Just what is it about The Great British Baking Show? (or The Great British Bake-Off as it's called in its homeland.)

In case you haven't heard of this program, it's exactly what it sounds like. It's a baking competition. The contestants are British. To me, it sounded boring at first. But it's oddly compelling. Why though? Even if you aren't particularly interested in baking, there's something about this show.

One of the things people often remark on about the show is that the contestants are so nice to each other. Unlike many other reality competition shows where the producers seem to try to foment drama among the contestants, the bakers on the The Great British Baking Show seem to genuinely get along and like each other.
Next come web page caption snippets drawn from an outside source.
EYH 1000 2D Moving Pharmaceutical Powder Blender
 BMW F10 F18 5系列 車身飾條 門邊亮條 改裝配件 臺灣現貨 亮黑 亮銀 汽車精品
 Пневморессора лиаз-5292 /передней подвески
One of the most interesting ways this niceness manifests itself is that the contestants will help each other. You'll often see contestants who are ahead with their bakes helping to apply icing to cookies or extract tricky cakes from their baking tins. At first this doesn't seem to make sense. Why would you help someone you're competing against? Their loss is your gain. This is well above and beyond the requirements of fairness, right?

I think it comes down to the fact that there's no real prize at stake.[^1] The winner of The Great British Baking Show gets...named the winner of The Great British Baking Show. That's it. No island vacation. No new car. No million dollars (or pounds, as it were). This lack of a prize helps encourage the friendliness of the competition in two ways.

First, it removes at least part of the incentive to win at the cost of being a jerk. If there were a million dollars at stake, you could be a jerk and win, and hey if everyone thinks you're a jerk, so what? You've still got your million dollars. Many people who might not be jerks otherwise would do it with a sufficient reward at stake. The reward of simply being named the winner isn't, in and of itself, enough to motivate most people to be a jerk.

Secondly, since the only real prize at stake is the pride of winning, it would be somewhat diminished if it only came about because someone else suffered some misfortune. The only thing you're definitely going to get out of this is being named the best baker, so you wouldn't want an asterisk next to your name in the record book, as it were. You wouldn't want people to say "Sure, Contestant A won, but Contestant B would have won if only they got icing on the last three cooking" or somesuch. To that end, it makes sense to help your competitors to an extent, because you would want your best efforts to be judged against their best efforts. You wouldn't want to win only because someone better had some bad luck.

It's always interesting how incentives shape behavior. The Great British Baking Show seems to have hit upon a recipe for sportsmanship that most other competition shows have missed.


[^1] Technically, there is no prize. Although several contestants have gone on to have presumably lucrative endorsement deals and other opportunities. Importantly, it's not necessary to win to get these deals. Simply doing well and being likeable is often enough.